Key Words: Allograft; Congenital heart disease; Hypoplastic left heart syndrome; Norwood; Sternum
1. Introduction
Pentalogy of Cantrell was initially described by Cantrell in 1958 [1]. The syndrome consists of (1) a defect in the lower sternum, (2) a supraumbilical abdominal wall defect, (3) a deficiency of the anterior portion of the diaphragm, (4) a deficiency in the diaphragmatic portion of the pericardium, and (5) a congenital heart defect. The cardiac defect most often involves a ventricular septal defect, an atrial septal defect, double outlet right ventricle, tetralogy of fallot, or a left ventricular diverticulum [2]. Most cases are sporadic, although there has been an association with an X-linked inherited mutation [3]. Survival rate for patients with pentalogy of Cantrell is low, with the outcome dependent on the complexity of the cardiac defect.
2. Materials and methods
The patient for presentation is a 2.8-kg black female. She had a known in utero diagnosis of hypoplastic left heart syndrome (HLHS) and an uncharacterized midline abdominal wall defect. At birth, the patient was stabilized on a prostaglandin infusion and electively intubated. Physical examination revealed severe hypoplasia of the distal sternal body and xiphoid. There was an omphalocele with reducible abdominal contents. ECHO evaluation confirmed the diagnosis of HLHS.
The patient was initially taken to the operating room on the 5th day of life for repair of the abdominal wall defect. During exploration, the ventricular mass was found herniated through a deficiency in the diaphragm (Fig. 1). The omphalocele was repaired primarily, making no attempt at reducing the heart. The infant made an uneventful recovery.
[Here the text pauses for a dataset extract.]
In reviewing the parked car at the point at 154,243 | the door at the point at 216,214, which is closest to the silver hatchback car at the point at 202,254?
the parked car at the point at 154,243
The infant was taken to the operating room on the 11th day of life and underwent a Mee modification of the Norwood procedure. During initial exploration, a large portion of the right ventricle was found to be herniated through a moderate-sized defect in the diaphragm. The heart was easily reduced without hemodynamic compromise. The infant was weaned from cardiopulmonary bypass without complication. Because of vertical orientation of the right ventricle, the sternum was stented open and covered with a silastic membrane.
3. Results
The post-operative course was uncomplicated. The patient was taken to the operating room four times over the ensuing ten days for wash out and attempted closure of the sternum. Each attempt to reduce the heart into the pericardial cavity was met with severe hemodynamic instability, requiring immediate reopening. Several unsuccessful attempts were made to reconstruct the hypoplastic anterior chest wall. Because of the inability to reduce the heart into the pericardial cavity, a skin allograft (AllodermTM) was used to close the defect. Over the next 2 and half months, the patient was periodically taken to the operating room for reduction of the skin patch (Fig. 2). Approximately 1 cm was taken from the skin allograft edge at each procedure. Unfortunately, the patient expired from a fungal sepsis three months following the Norwood.
4. Discussion
Pentalogy of Cantrell is a rare anomaly occurring in approximately five in one million live births [4]. Because the heart was covered by only skin, without bony protection, this individual is not a true ectopia cordis. The anomaly consists of a constellation of defects that partially result from a failure of the midline mesodermal components to mature. The thoracoabdominal variant general results in varying degrees of herniation of the ventricular mass into the abdominal cavity. The association of HLHS with pentalogy of Cantrell and ventricular herniation has not to our knowledge been reported.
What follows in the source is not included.